Follow the Cash: When Raised Capital Doesn't Move Forward

Every capital raise comes wrapped in a story of growth. But the most honest line in any prospectus is rarely the vision — it's the use-of-proceeds table. That table tells you the direction of the money, and direction is destiny.

This week offered a clean illustration. A KOSDAQ-listed small-cap finalized the price (July 6) on a ₩22.9 billion rights offering with a public-offering backstop, opening shareholder subscription on July 9–10. The stated allocation: roughly ₩17 billion — about 74% — for debt repayment, and the remaining ₩5.9 billion for working capital. Shortly before, the company had executed a share consolidation, folding its par value from ₩100 to ₩500. New equity from minority shareholders, the bulk of it flowing not into the business but back out to lenders.

There is nothing illegal here, and debt repayment can be prudent. But for the investor writing the check, the economics are worth stating plainly: your fresh capital is not buying new capacity, new products, or new markets. It is retiring an existing obligation. The enterprise is not larger the day after; it is simply differently financed, with more shares outstanding dividing the same operating base.

The mirror image. Now look at Tokyo, where cash is moving the opposite way. Japanese companies announced a record ¥22.3 trillion of buybacks in FY2025 — more than double the ¥10.1 trillion of two years earlier — while dividends grew 12.5% in 2025 to a record $107.7 billion.

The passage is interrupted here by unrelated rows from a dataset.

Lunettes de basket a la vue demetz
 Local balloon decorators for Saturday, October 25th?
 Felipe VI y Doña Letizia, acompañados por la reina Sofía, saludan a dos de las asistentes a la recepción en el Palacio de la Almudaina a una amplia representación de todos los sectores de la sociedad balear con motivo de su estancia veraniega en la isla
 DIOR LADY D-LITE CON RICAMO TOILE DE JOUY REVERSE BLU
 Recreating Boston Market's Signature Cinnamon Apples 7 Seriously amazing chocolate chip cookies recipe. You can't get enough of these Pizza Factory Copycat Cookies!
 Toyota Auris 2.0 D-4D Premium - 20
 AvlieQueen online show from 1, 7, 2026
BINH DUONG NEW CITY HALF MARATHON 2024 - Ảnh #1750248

On April 28, 2026, the Tokyo Stock Exchange sharpened its follow-up guidance, focusing squarely on the "appropriate allocation of management resources." Decades of hoarded cash, long criticized as a governance failure, are being pried loose and returned to owners. Many firms still hold 15–25% of assets in cash — but the trend has turned.

Two markets, one question, opposite answers: is capital converting into the business and its owners' returns, or leaking around them?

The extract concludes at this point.